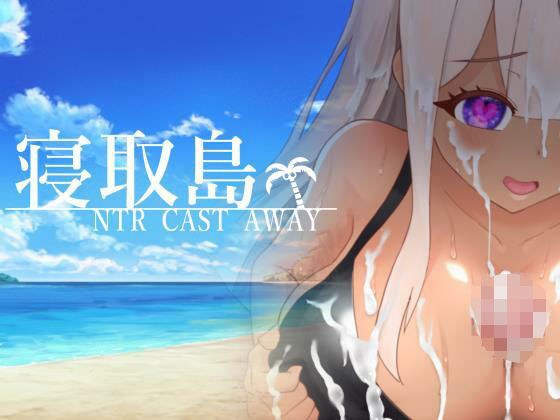 寝取島 -NTR CAST AWAY- メイン画像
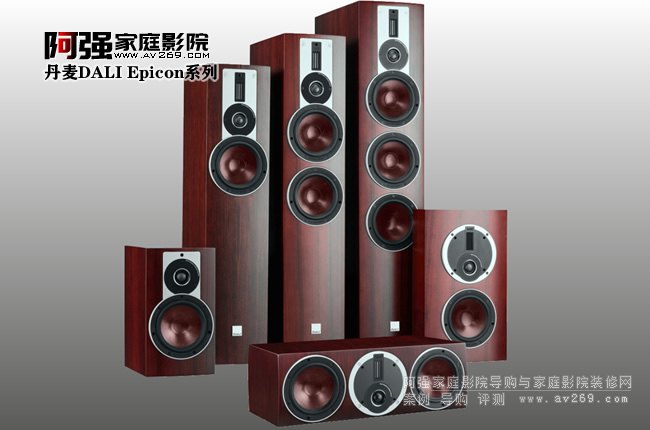 ����DALI Epiconϵ��������������c����ӰԺ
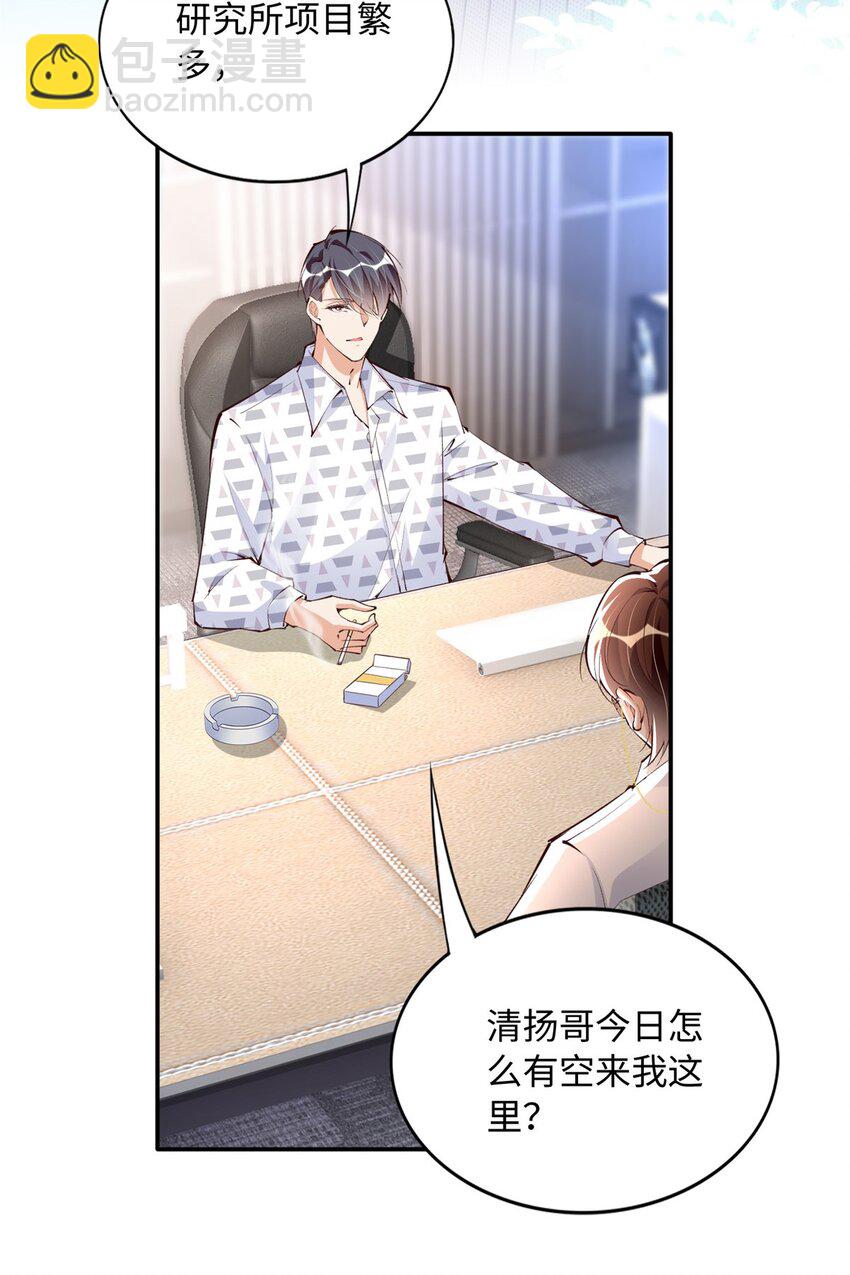 180 私生女碰上私生子-第183话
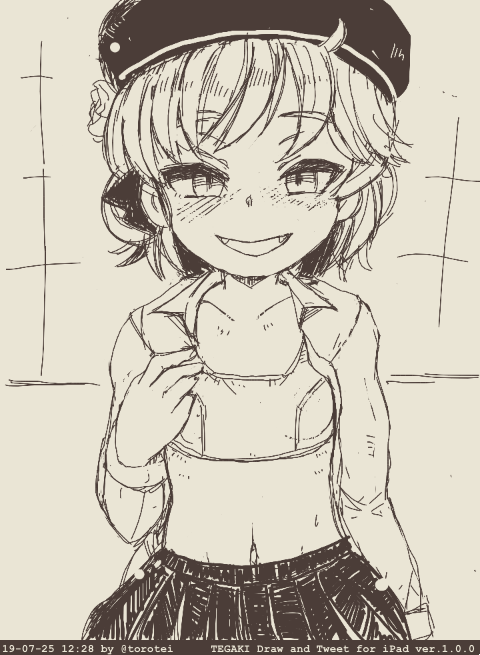 悪いつぐちゃん #tegaki_dt 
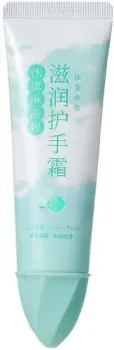 Miniso Крем для рук Ice Cream Series Moisturizing. Matcha Latte 2303 50 г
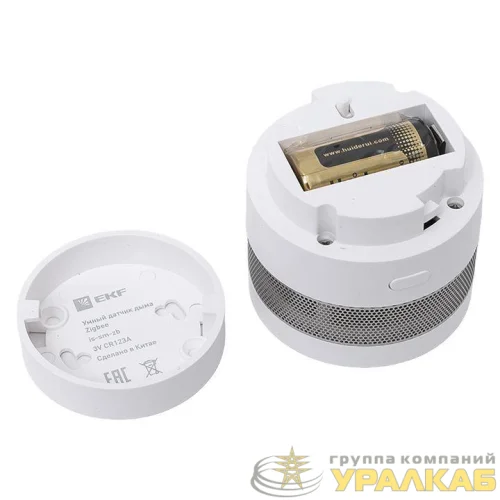 Датчик дыма умный Zigbee Connect EKF 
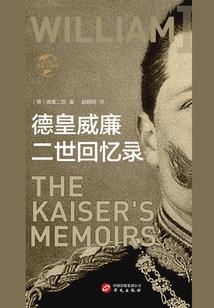 人神至尊
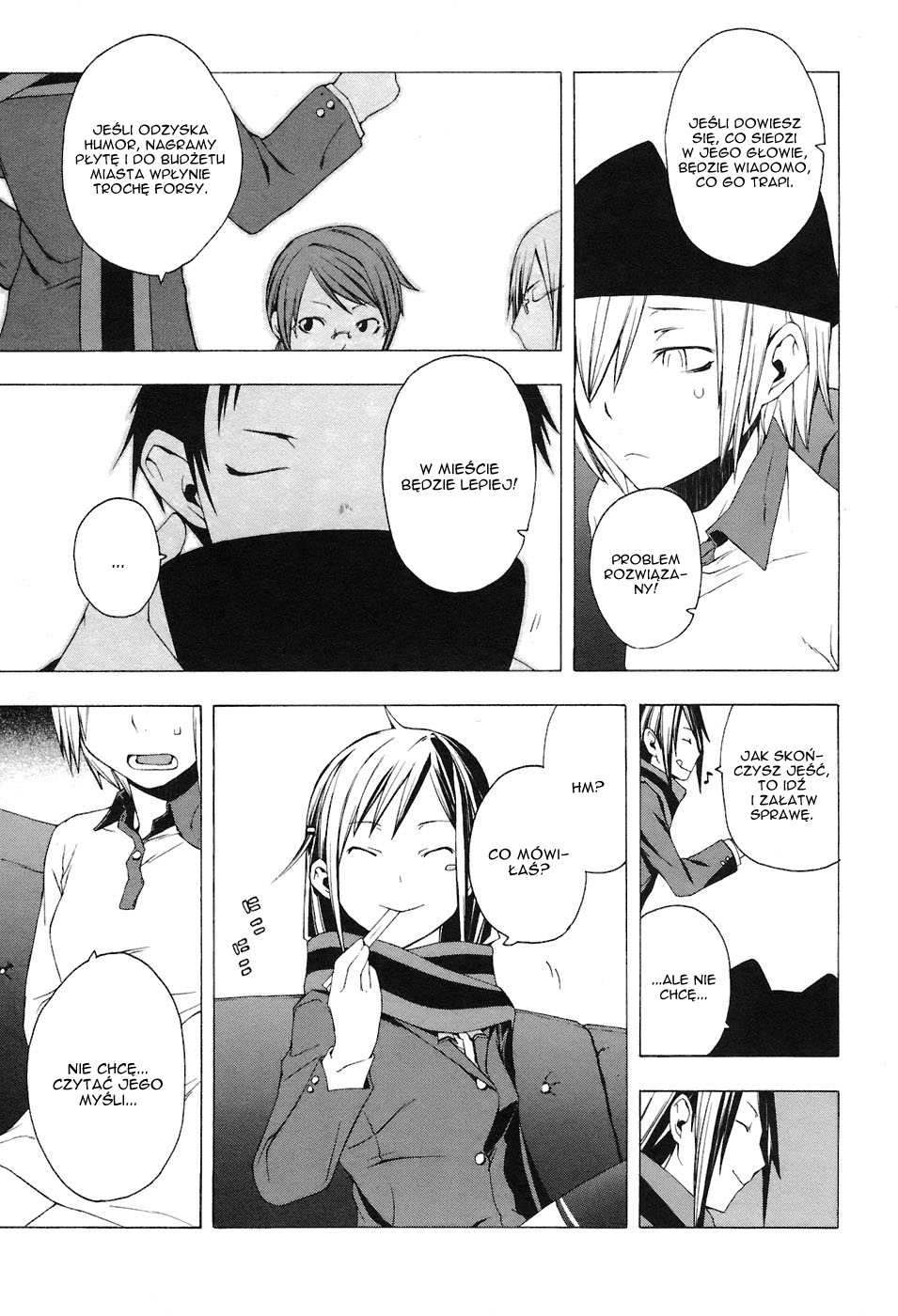 Yozakura Shijuusou Czekając na ciebie, część 1 第24页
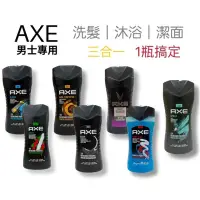 在飛比找Yahoo奇摩購物中心優惠-【男性香水沐浴乳】AXE 戰斧三合一沐浴露 400ml 香味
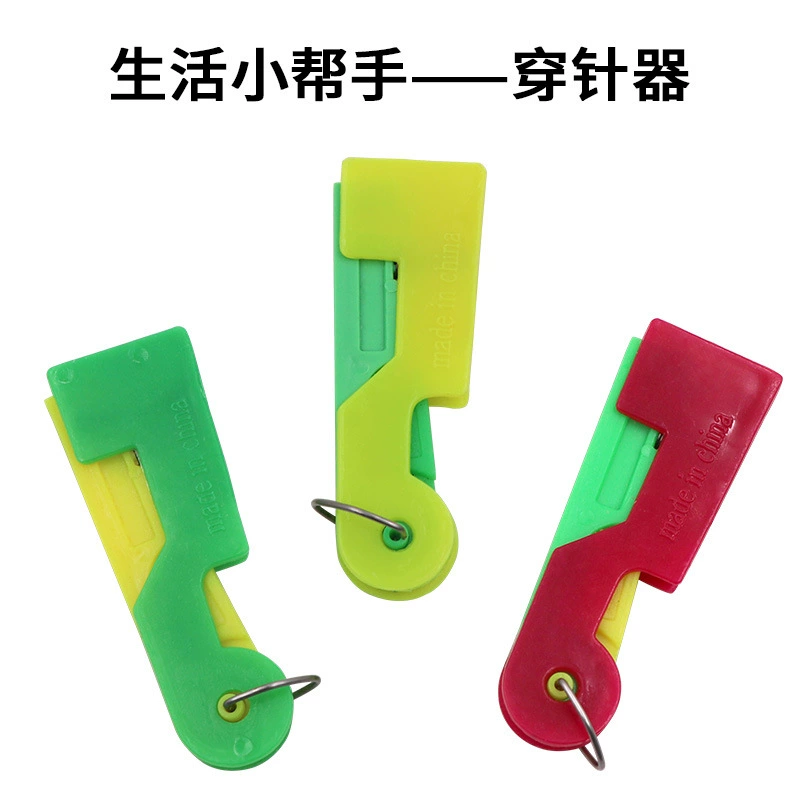 Оптовые пожилые удобные иглы Иглы устройство идентификации иглы пластиковая игла Игла игла слепой автоматический резьбовой штифт
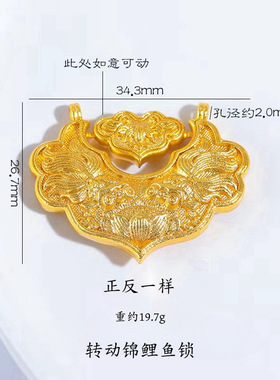 直播爆款沙金锦鲤鱼锁项链双鱼可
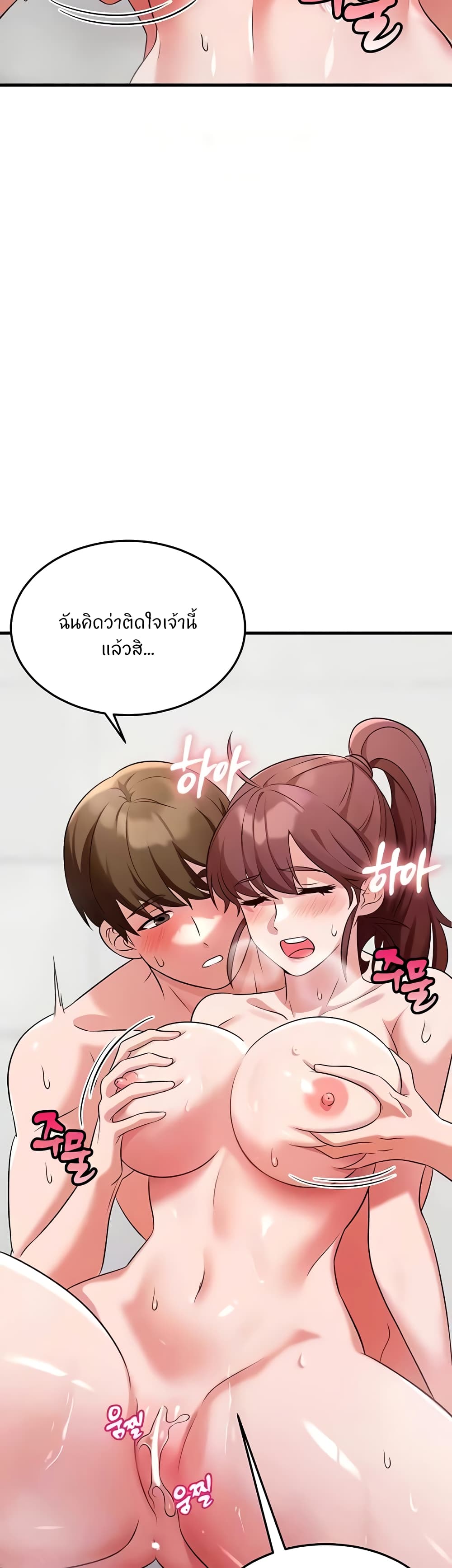 Sextertainment – Sextertainment – ตอนที่ 41 หน้า 3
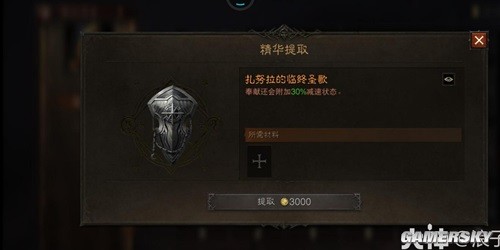 原神琉形蜃境宝箱气球获取途径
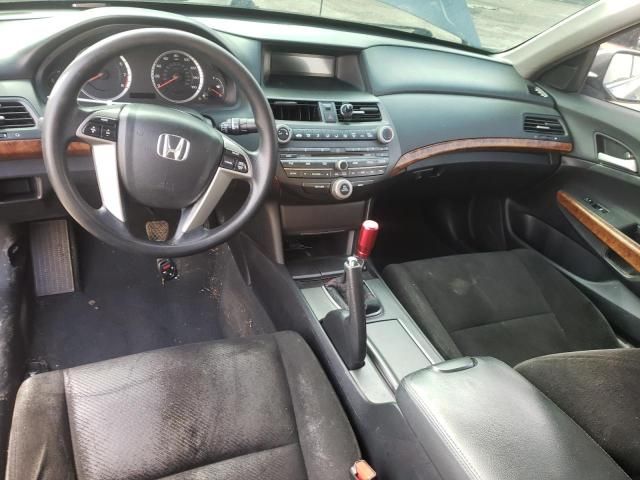 2012 Honda Accord EX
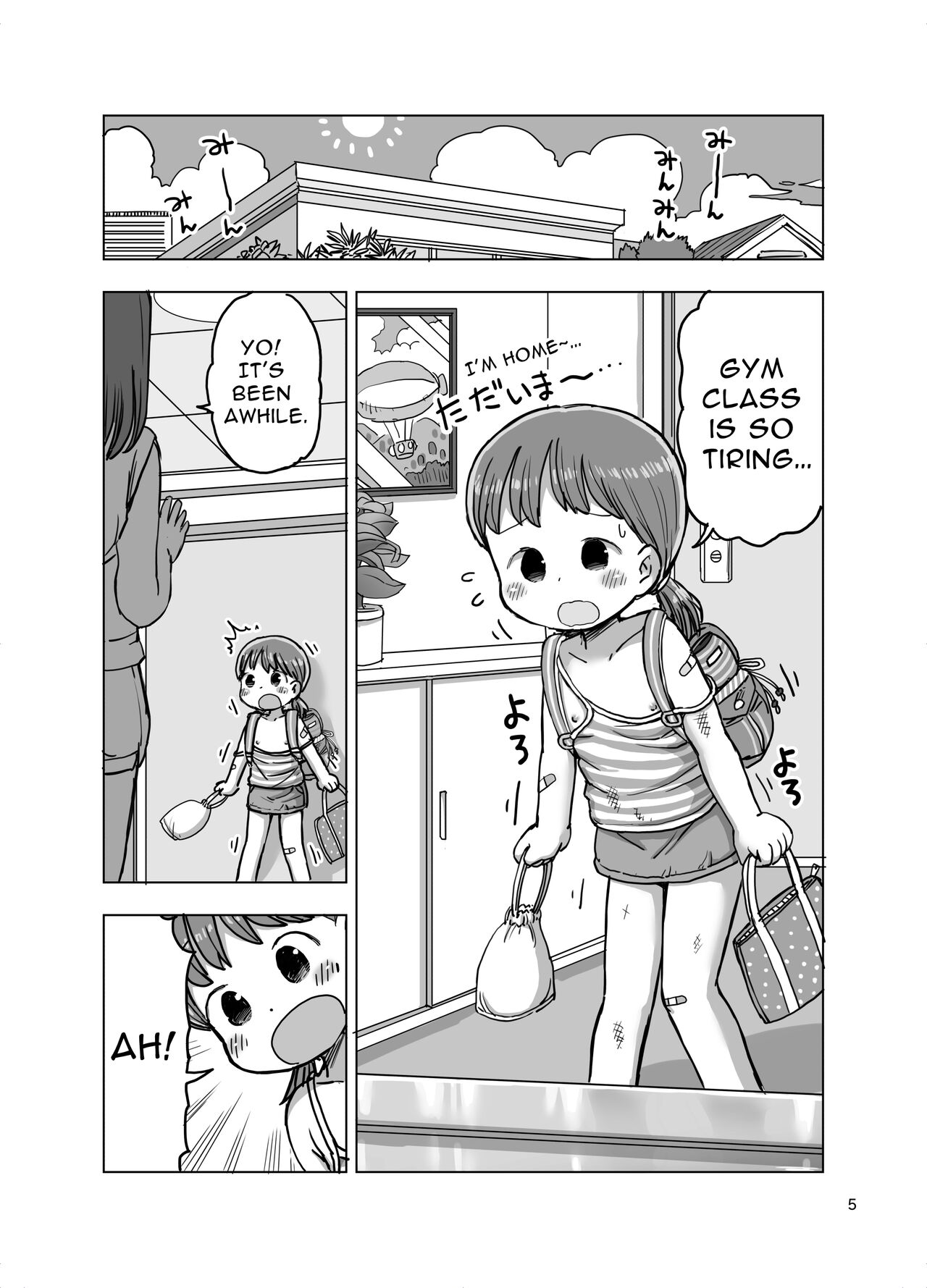 Massage-chuu ni Jirasarete Kossori Onanie Shichau Manga page 4 full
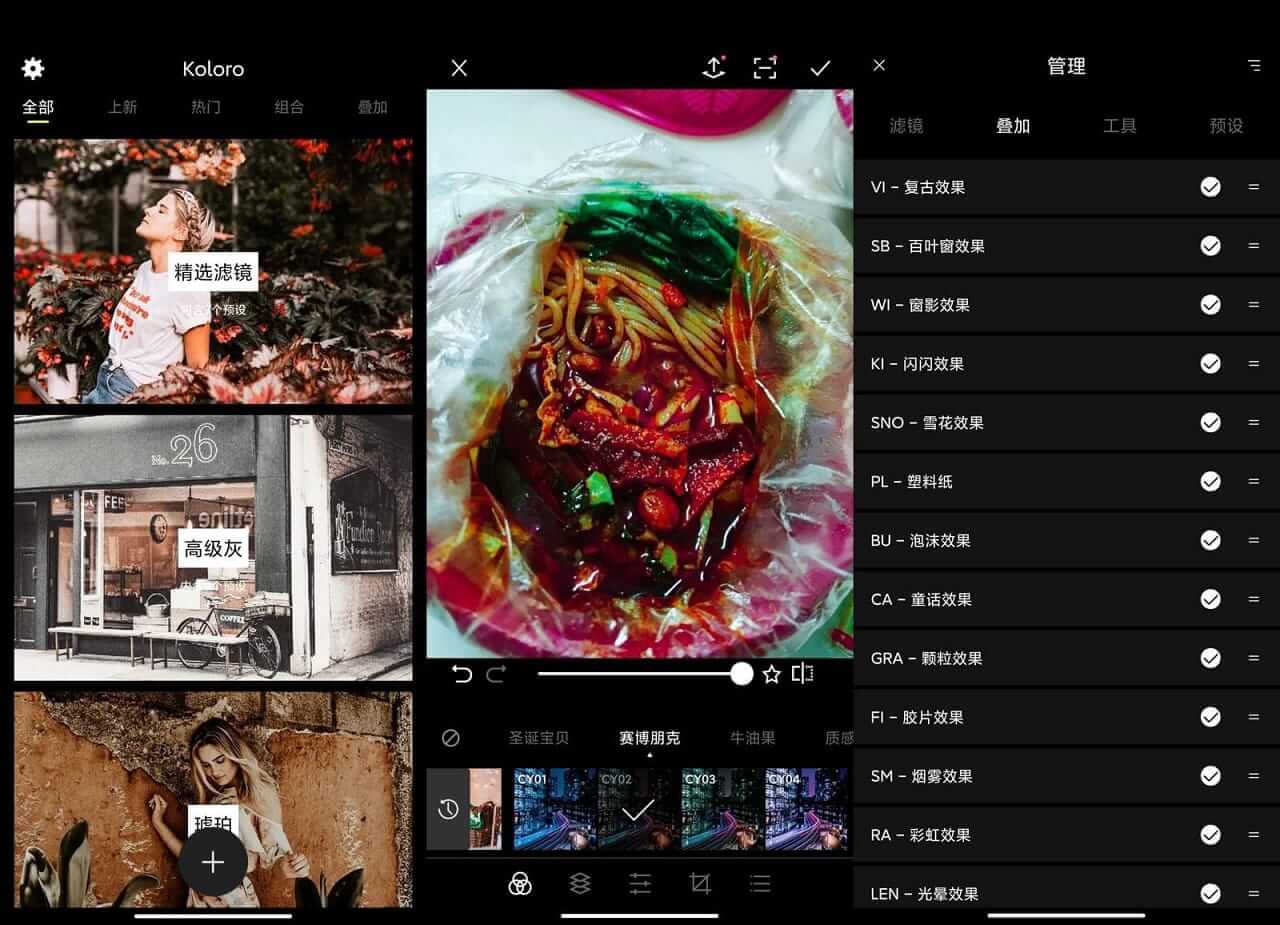 Android 滤镜君App_Koloro_v6.2.1_解锁高级版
+++
• _EXERCISE INSTRUCTIONS_:
Repeat, exactly and in full, every entry in the data, but not the pictures.

• _SOLUTION TO THE EXERCISE_:
 寝取島 -NTR CAST AWAY- メイン画像
 ����DALI Epiconϵ��������������c����ӰԺ
 180 私生女碰上私生子-第183话
 悪いつぐちゃん #tegaki_dt 
 Miniso Крем для рук Ice Cream Series Moisturizing. Matcha Latte 2303 50 г
 Датчик дыма умный Zigbee Connect EKF 
 人神至尊
 Yozakura Shijuusou Czekając na ciebie, część 1 第24页
 在飛比找Yahoo奇摩購物中心優惠-【男性香水沐浴乳】AXE 戰斧三合一沐浴露 400ml 香味
 Оптовые пожилые удобные иглы Иглы устройство идентификации иглы пластиковая игла Игла игла слепой автоматический резьбовой штифт
 直播爆款沙金锦鲤鱼锁项链双鱼可
 Sextertainment – Sextertainment – ตอนที่ 41 หน้า 3
 原神琉形蜃境宝箱气球获取途径
 2012 Honda Accord EX
 Massage-chuu ni Jirasarete Kossori Onanie Shichau Manga page 4 full
 Android 滤镜君App_Koloro_v6.2.1_解锁高级版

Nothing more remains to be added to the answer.